Dapatkan modal koperasi yang memadai dan mintalah anggota terlibat mengawasinya. Bisnis tidak dapat berfungsi tanpa modal, termasuk koperasi. Modal koperasi pada umumnya berasal dari anggota melalui pembagian modal, atau laba ditahan (cadangan). Berdasarkan definisinya, laba ditahan membutuhkan waktu untuk terbentuk, dan jelas tidak tersedia saat start-up. Secara historis, koperasi didanai oleh uang tunai yang disetorkan oleh para anggota. Mereka menyimpan tabungannya di koperasi dan dapat menariknya jika diperlukan.

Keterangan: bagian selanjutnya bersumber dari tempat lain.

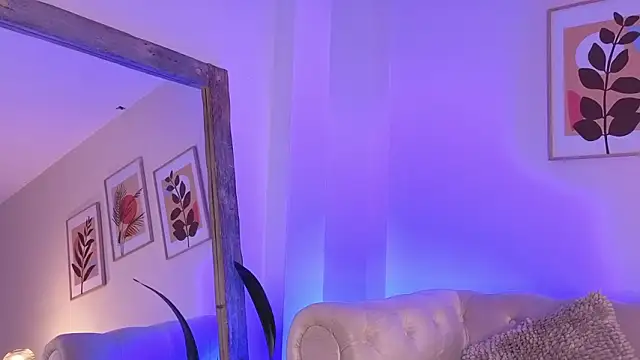 Snapshot of DahianaWalcott chatting on 02-04-26, 03:07 DahianaWalcott online show from 02-04-26, 03:07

Modal saham, yang tidak dapat ditarik selama seseorang masih menjadi anggota koperasi, tidak lagi memadai untuk memenuhi kebutuhan modal koperasi. Untuk itu diperlukan upaya-upaya untuk memobilisasi modal dari anggota secara konstruktif. Hal ini bisa terjadi kalau Partisipasi para anggota tinggi. Partisipasi yang tinggi menjadi pertanda bahwa para anggota memiliki literasi yang bagus dalam berkoperasi. Saya melihat itu terjadi di i-Coop. Setiap anggota koperasi berpartisipasi $10 per bulan guna mendukung inisiatif-inisiatif (Project) yang sudah disetujui bersama.

Karena Partisipasi anggota yang tinggi, i-Coop mampu membangun beberapa kota koperasi di pedesaan terpencil di Korea. Kota-kota Koperasi ini menghidupkan ekonomi lokal yang sebelumnya masih terbelakang. Bahkan menurut penuturan para nara sumber di sana, keberadaan kota koperasi akibat wilayah itu kurang diperhatikan oleh pemerintah. Koperasi hadir di sana. Bagaimana dengan kita?

Ayo… kita praktekkan Blueprint ini. Semoga suatu hari Koperasi kita bisa sebaik dan sekuat i-Coop, Korea, koperasi dimana kita pernah belajar.